Comment by Alifatisk
1 day ago
Alibaba keeps releasing gold content
I just tried Qwen3-Next-80B-A3B on Qwen chat, and it's fast! The quality seem to match Qwen3-235B-A22B. Quite impressive how they achieved this. Can't wait for the benchmarks at Artificial analysis
According to Qwen Chat, Qwen3-Next has the following limits:
Maximum context length: 262,144 tokens
Max summary generation length: 32,768 tokens
This is 2x higher on context length and 4x higher on summary generation compared to Qwen3-235B-A22B, damn
> Qwen3-Next [...] excels in ultra-long-context understanding and complex tasks
Even though their new hybrid architecture is fascinating, I think I'll continue to stick with Qwen2.5-Turbo because it's one of the few models that supports 1M tokens in context length. My use case is uploading large pdfs and ask questions across chapters
My take on long context for many frontier models is not about support but the accuracy drops drastically as you increase the context. Even if a model claims to support 10M context, reality is it doesn’t perform well when you saturate. Curious to hear others perspective on this
This is my experience with Gemini. Yes, I really can put an entire codebase and all the docs and pre-dev discussions and all the inter-engineer chat logs in there.

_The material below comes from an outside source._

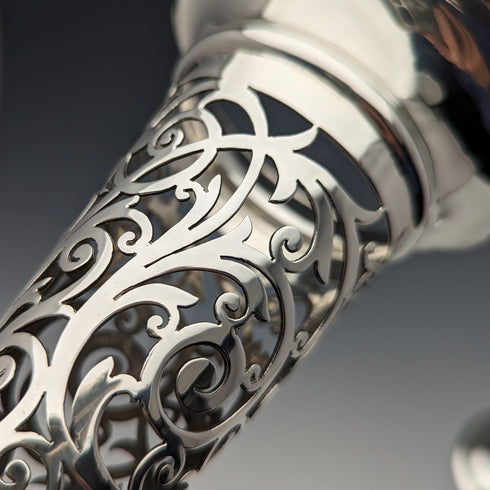 Circa 1901 British antique sterling silver vase pair with earring decoration, total weight 312g, Josiah Williams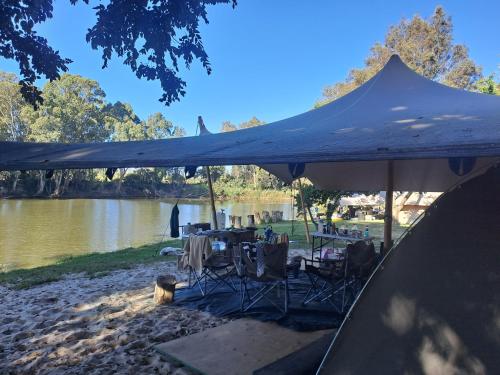 a tent with tables and chairs next to a lake at Worlds Apart - River Front Guest Farm & Camping in Bonnievale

I still see the model becoming more intoxicated as turn count gets high.
I use repomix to pack a full repository as an xml file and it works wonders. System prompt is very simple:
please don't add any comments in the code unless explicitly asked to, including the ones that state what you changed. do not modify/remove any existing comments as long as they are valid. also output the full files that are changed (not the untouched ones), and no placeholders like "no change here" etc. do not output the xml parts in the output.xml file. focus on the individual files. before and after outputting code, write which file it would be and the path (not as a comment in the code but instead, before and after outputting code).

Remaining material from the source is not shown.